→ Exercise objective:
Leave the pictures aside and copy all the data exactly.

→ Source data:
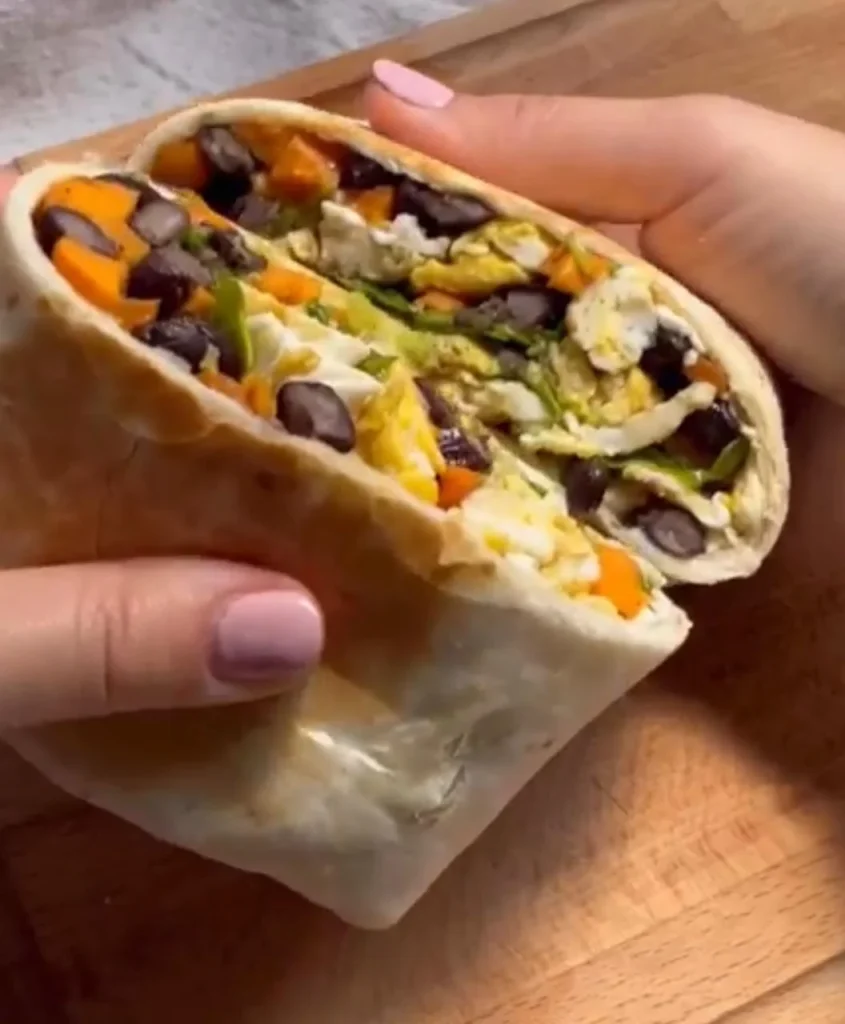  Black Bean High-Fiber Wrap (Quick Clean Eating Meal)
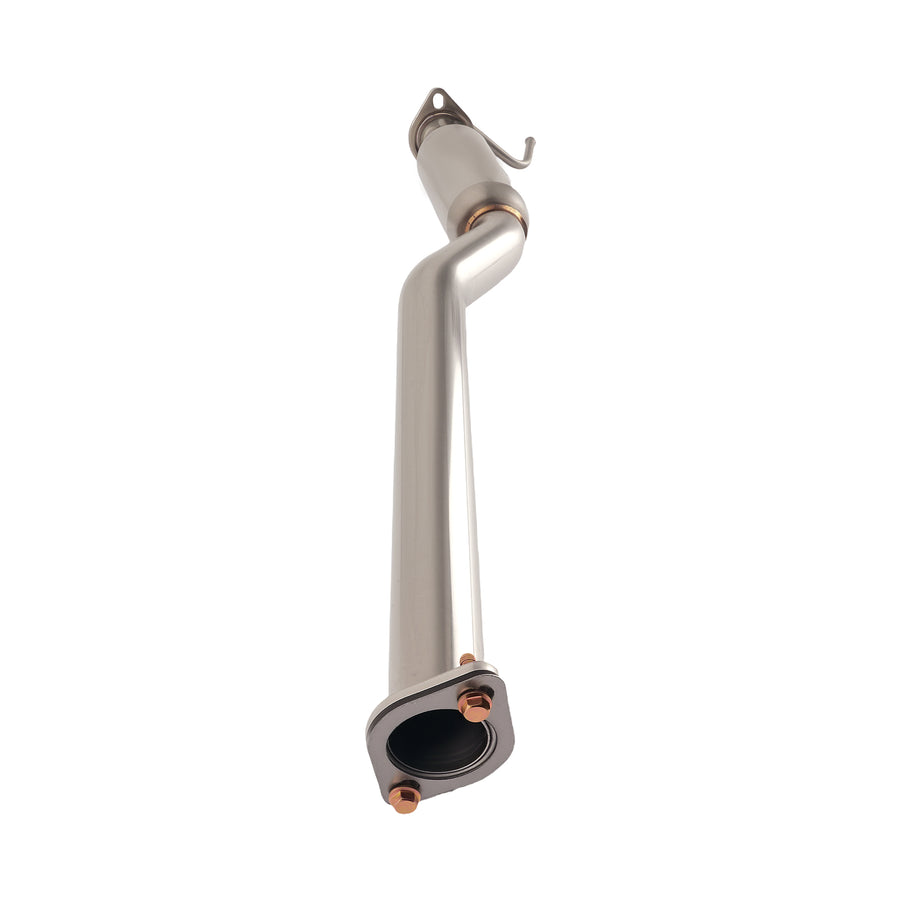 4 Rolled Muffler Tip Catback Exhaust System compatible for Honda Civic EX EM2 ES2 2001-05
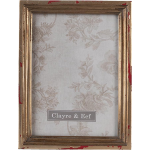 Clayre & Eef Fotolijst 15*3*20 Cm / 13*18 Cmkleurig Polyresin / - Goud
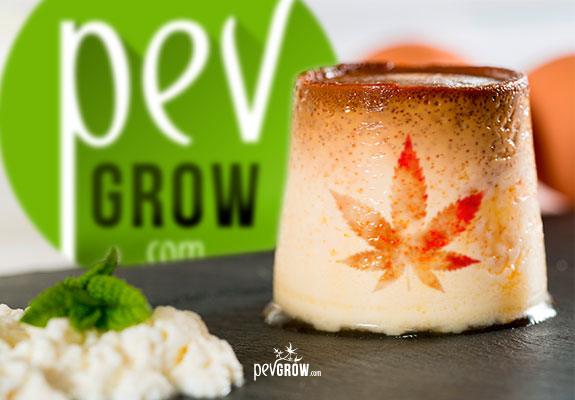 Flan casero de marihuana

→ Solution to this exercise:
  Black Bean High-Fiber Wrap (Quick Clean Eating Meal)
 4 Rolled Muffler Tip Catback Exhaust System compatible for Honda Civic EX EM2 ES2 2001-05
 Clayre & Eef Fotolijst 15*3*20 Cm / 13*18 Cmkleurig Polyresin / - Goud
 Flan casero de marihuana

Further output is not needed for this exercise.